Stored items:
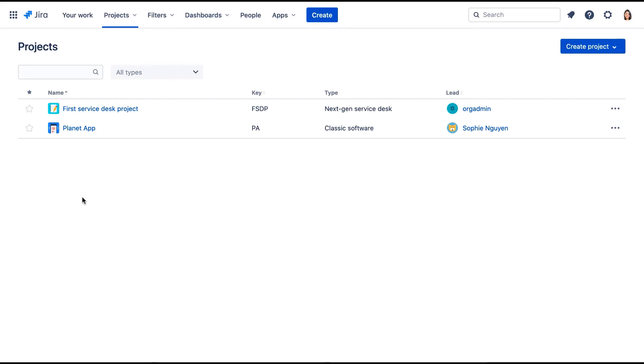First let's assign the Project Administrator and default assignee roles in a project. We're logged into our cloud site as the JIRA Administrator Dakota Jones.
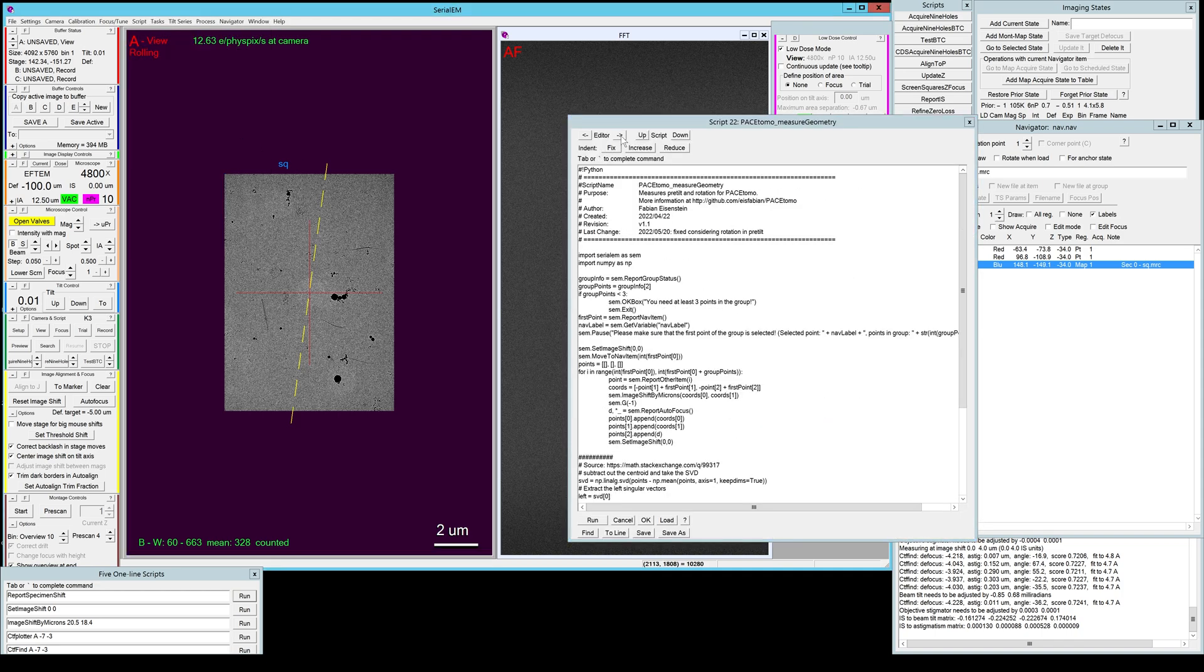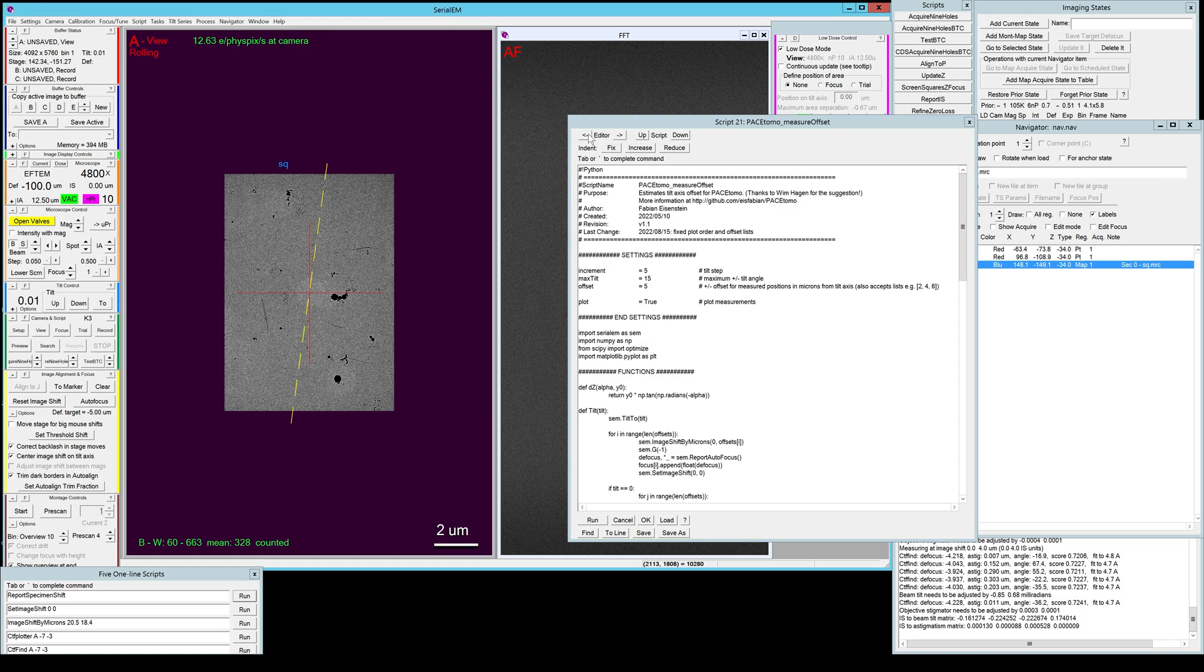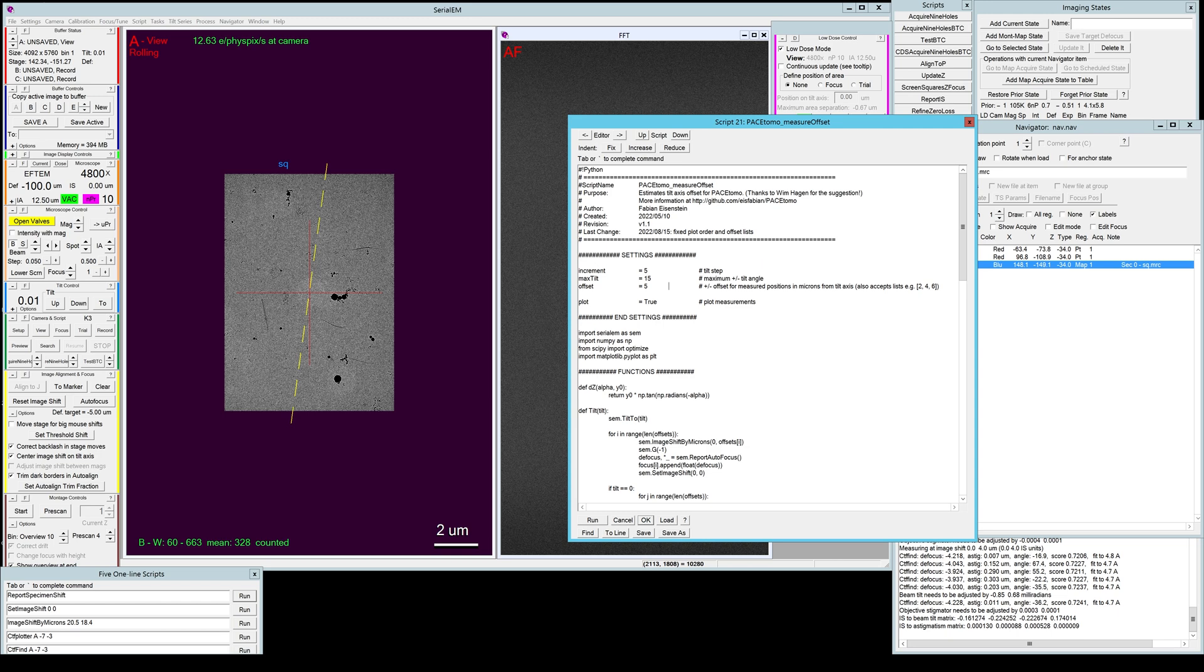For this purpose I provide a custom script calculating the tilt axis offset in particular to optimize Z. I already copied it into the SerialEM script editor here. It's called the PaceTomo_MeasureOffset script and the default variables work usually quite well, so I can just run it like this.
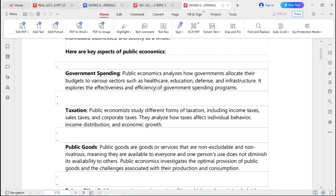Another key aspect of public economics is taxation. Public economics studies different forms of taxation including income taxes, sales taxes, corporate taxes, and so forth. It analyzes how taxes affect individual behavior, income distribution, and economic growth. Tax is compulsory for every individual — for example, in Tanzania, it is compulsory for businesses and workers to pay tax, since the government generates revenue through taxation to meet human welfare and public spending.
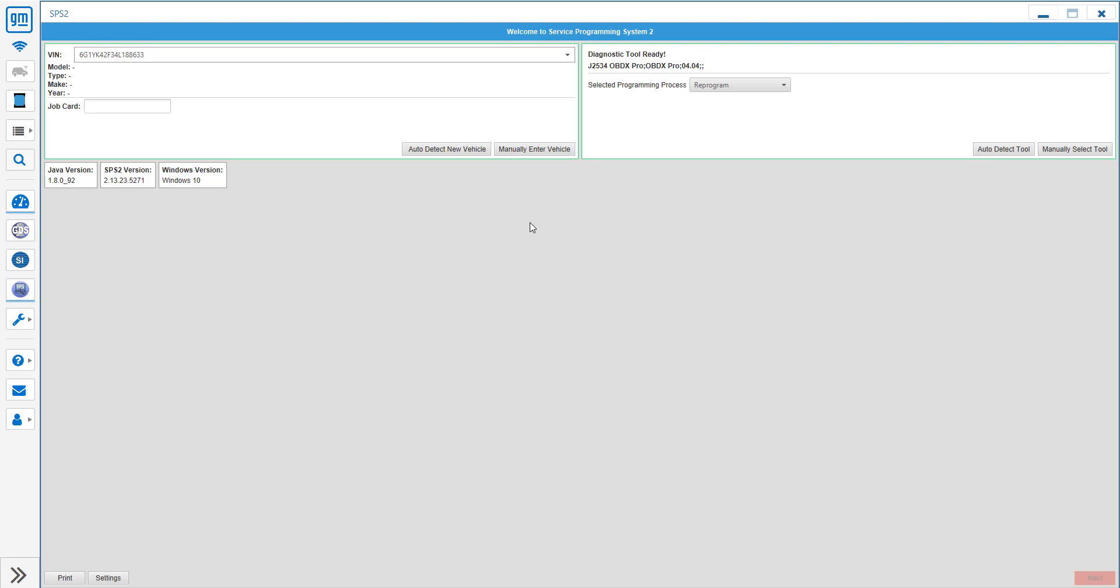G'day everyone, this is Jason from OBDX Pro and today I'm going to be demonstrating our first implementation of the J2534 protocol for our OBDX tools.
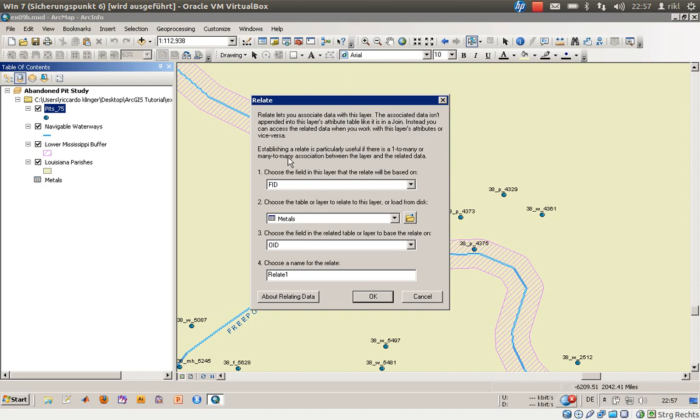So first question is why relate and not a join. Well in this case we have several objects in the target table which is the metals table in this project, and we have just one object in the source table. This is quite normal for relationship.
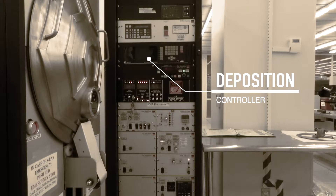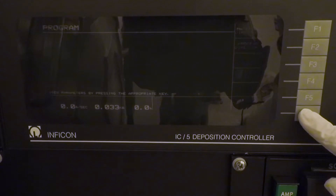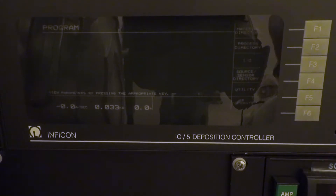The deposition controller allows the operator to set up, program, start, and stop the e-beam system.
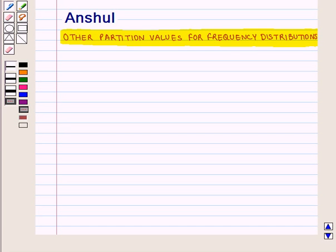Hello and welcome to the session. In this session we are going to discuss other partition values for frequency distributions.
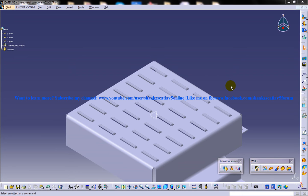Hi friends, this is Mohammed Shakeel here and today I'm going to show you how you can create hems on a sheet metal component.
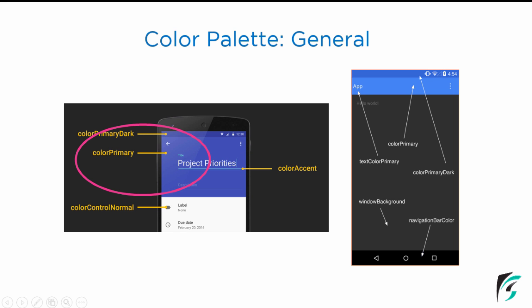There is a switch widget, and since it is off, it is controlled by colorControlNormal. If the colorControlNormal attribute is not defined for the switch widget, colorAccent will be the default color that will be provided to this widget as well.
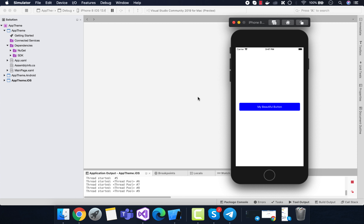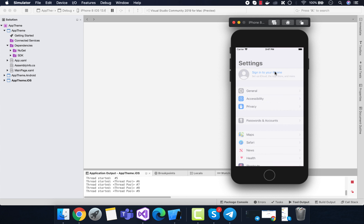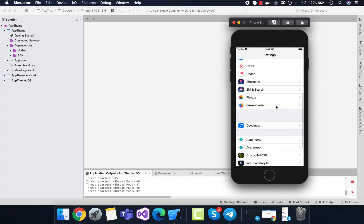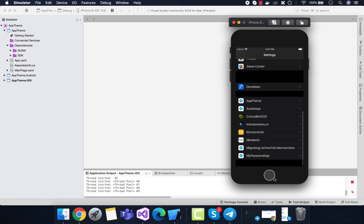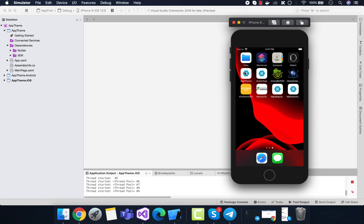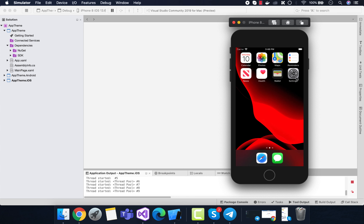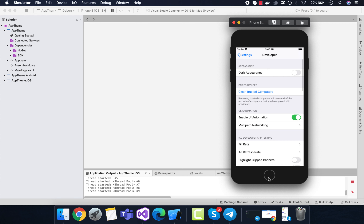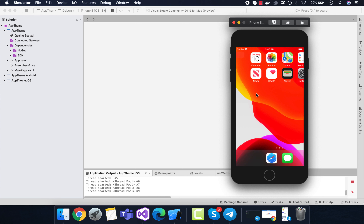Welcome back to Xamarin Guys. In this tutorial we are going to play around with in-app theming — the easiest way to implement app theme changes inside a Xamarin Forms application. This was introduced in Xamarin Forms 4.8 and above. You can see here we have changed our application to a dark theme mode, and whenever we change back to the normal theme mode the application should automatically change.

TASK - Only lines belong in the copy: transcribe those from the start of the data through the line that contains "There is a switch", and skip the pictures.

RESULT OF THIS TASK -
First let's assign the Project Administrator and default assignee roles in a project. We're logged into our cloud site as the JIRA Administrator Dakota Jones.
For this purpose I provide a custom script calculating the tilt axis offset in particular to optimize Z. I already copied it into the SerialEM script editor here. It's called the PaceTomo_MeasureOffset script and the default variables work usually quite well, so I can just run it like this.
Another key aspect of public economics is taxation. Public economics studies different forms of taxation including income taxes, sales taxes, corporate taxes, and so forth. It analyzes how taxes affect individual behavior, income distribution, and economic growth. Tax is compulsory for every individual — for example, in Tanzania, it is compulsory for businesses and workers to pay tax, since the government generates revenue through taxation to meet human welfare and public spending.
G'day everyone, this is Jason from OBDX Pro and today I'm going to be demonstrating our first implementation of the J2534 protocol for our OBDX tools.
So first question is why relate and not a join. Well in this case we have several objects in the target table which is the metals table in this project, and we have just one object in the source table. This is quite normal for relationship.
The deposition controller allows the operator to set up, program, start, and stop the e-beam system.
Hello and welcome to the session. In this session we are going to discuss other partition values for frequency distributions.
Hi friends, this is Mohammed Shakeel here and today I'm going to show you how you can create hems on a sheet metal component.
There is a switch widget, and since it is off, it is controlled by colorControlNormal. If the colorControlNormal attribute is not defined for the switch widget, colorAccent will be the default color that will be provided to this widget as well.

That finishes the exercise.